When I showed my father-in-law a copy of the book so he could see his grandson on the cover, he laughed, and then asked me a good question: Can Republicans enjoy this book? Yes, they can. This isn't the sort of book that tries to make Democrats look brilliant and Republicans look insane. Instead, you get Simon Rich's non-fiction research report on which U.S. presidents have murdered people. It's an enlightening piece that I can imagine Mitt Romney and Barack Obama perusing with equal interest.
What was the mood, theme or specific moment from the text you depicted with this cover?
The cover image doesn't refer to anything specific. It's way more about the mood. I wanted the cover to feel sweet, friendly, and loudly patriotic on the surface, while also communicating a deeper sense of dread and even horror under the surface. My hope is that readers of all ages, creeds, and income & literacy levels can look at this cover and experience a chuckle-infused wave of nausea… and then crack open the book and start reading.
What inspires your design?
Desperation played a role here. I stumbled upon both of these costumes while wandering alone in a Party City store, and I thought it would be a lot of fun to dress up with my son and get our picture taken together in a typical father-and-son pose -- like the kind of photo you might get at an Olan Mills or a Sears Portrait Studio. The key difference being that instead of wearing uncomfortable matching sport coats like you would at Sears Portrait Studio, my son and I are dressed in a silky-smooth American flag–suit and a chintzy soldier costume. The king’s crown was a last touch that made me laugh.
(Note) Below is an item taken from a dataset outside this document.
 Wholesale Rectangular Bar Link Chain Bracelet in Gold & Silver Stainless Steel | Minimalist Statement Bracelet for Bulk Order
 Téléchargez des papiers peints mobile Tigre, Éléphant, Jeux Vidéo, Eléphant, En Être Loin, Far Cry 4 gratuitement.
Jason Fulford kindly agreed to jump in at the last second and shoot the photo. If you haven't seen Jason's work, suffice it to say that he is overqualified to work at Olan Mills. Inviting Jason to shoot this photo was like inviting an elephant to squash an ant. I was embarrassed to ask Jason for help shooting this idea, but I got over my embarrassment. I'm glad I did.
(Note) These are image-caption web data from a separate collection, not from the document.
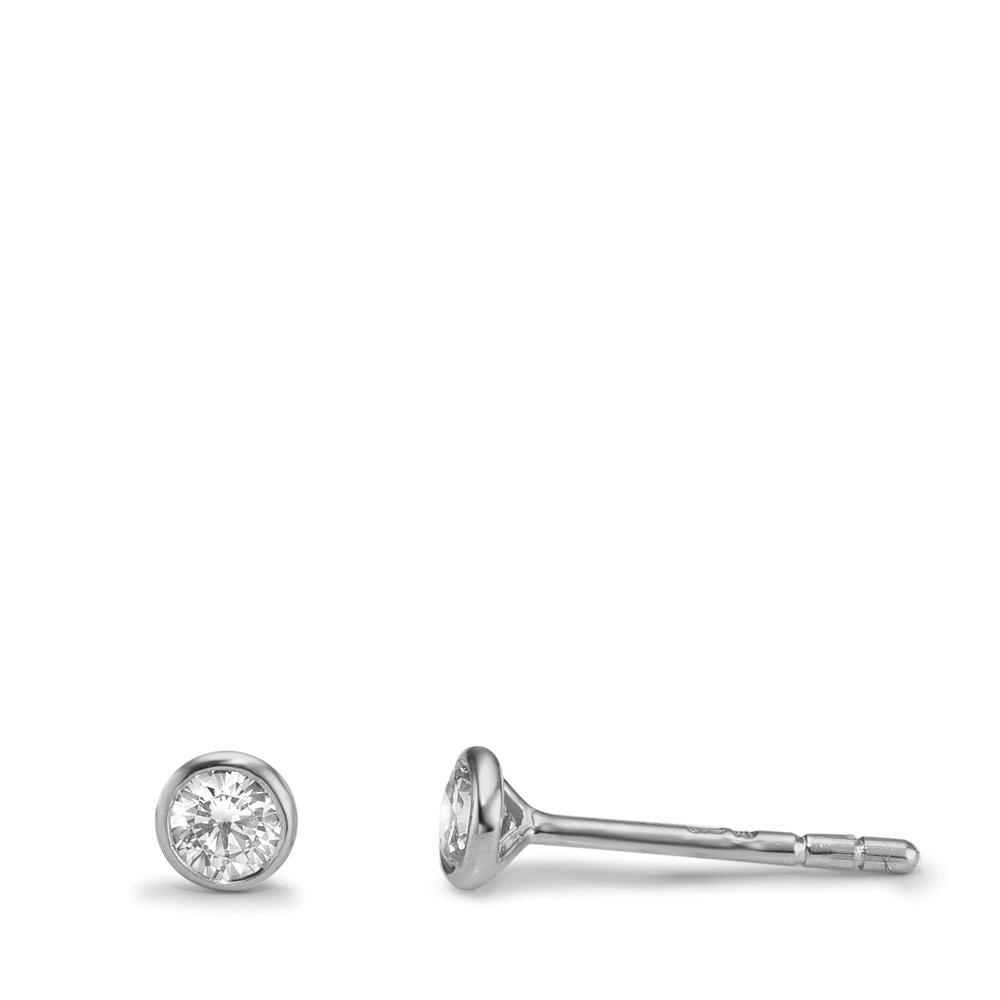 kolczyki wkrętki złoto białe 375/9 K Cyrkonia 2 kamienie Ø3.8 mm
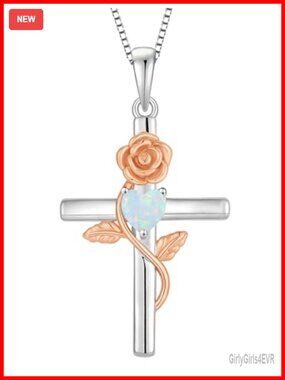 Sterling Silver Cross Necklace Rose Flower Heart Opal Adjustable 18-19.2in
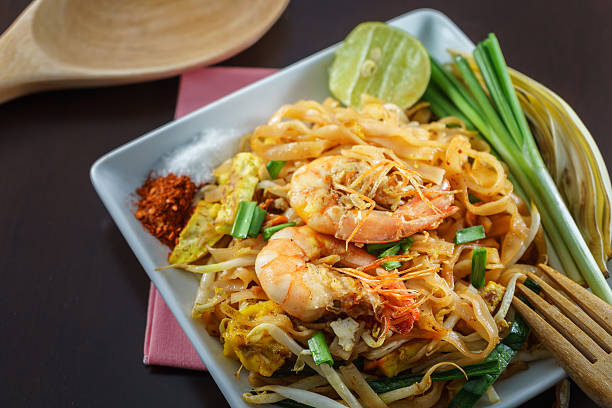 istock Fried Noodles with shrimp delicious Thai fast food 481346068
This particular cover also owes a debt to the artist Matt Furie, whose intensely detailed colored-pencil drawings of monstrous families in mundane poses I've loved for years. Matt is a genius.
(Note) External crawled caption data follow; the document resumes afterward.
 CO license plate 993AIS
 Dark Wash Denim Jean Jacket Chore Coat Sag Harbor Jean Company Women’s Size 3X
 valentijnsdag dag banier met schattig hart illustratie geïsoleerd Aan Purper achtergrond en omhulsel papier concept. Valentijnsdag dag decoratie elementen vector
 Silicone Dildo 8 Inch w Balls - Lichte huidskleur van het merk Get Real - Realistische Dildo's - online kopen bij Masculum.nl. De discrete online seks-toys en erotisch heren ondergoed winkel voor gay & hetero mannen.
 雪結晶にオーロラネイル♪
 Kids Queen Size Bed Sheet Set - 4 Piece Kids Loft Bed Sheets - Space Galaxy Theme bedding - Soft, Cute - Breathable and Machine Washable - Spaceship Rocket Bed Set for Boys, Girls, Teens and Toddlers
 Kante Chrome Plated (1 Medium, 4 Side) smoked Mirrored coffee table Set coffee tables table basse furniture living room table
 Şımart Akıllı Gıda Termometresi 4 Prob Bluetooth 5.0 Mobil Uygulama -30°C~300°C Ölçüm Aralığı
What is your previous design experience, with books and otherwise?
I'm the art director and a senior editor at McSweeney's in San Francisco. Over the years, I've designed the covers and interiors for many of our books and journals. One of my favorite recent McSweeney's projects is McSweeney's #36, which I conceived as a box that looks like a human head. Conceptualizing that issue and then editing it with Jordan Bass and Dave Eggers was an extremely satisfying experience -- one of those things that makes you go "this is what it's all about."
In the past year I've had a great time heading up McSweeney's McMullens, the new children's book department at McSweeney's. We've already published a handful of wonderful picture books for children, and I strongly encourage you to check them out here.
What was the biggest challenge in designing this cover?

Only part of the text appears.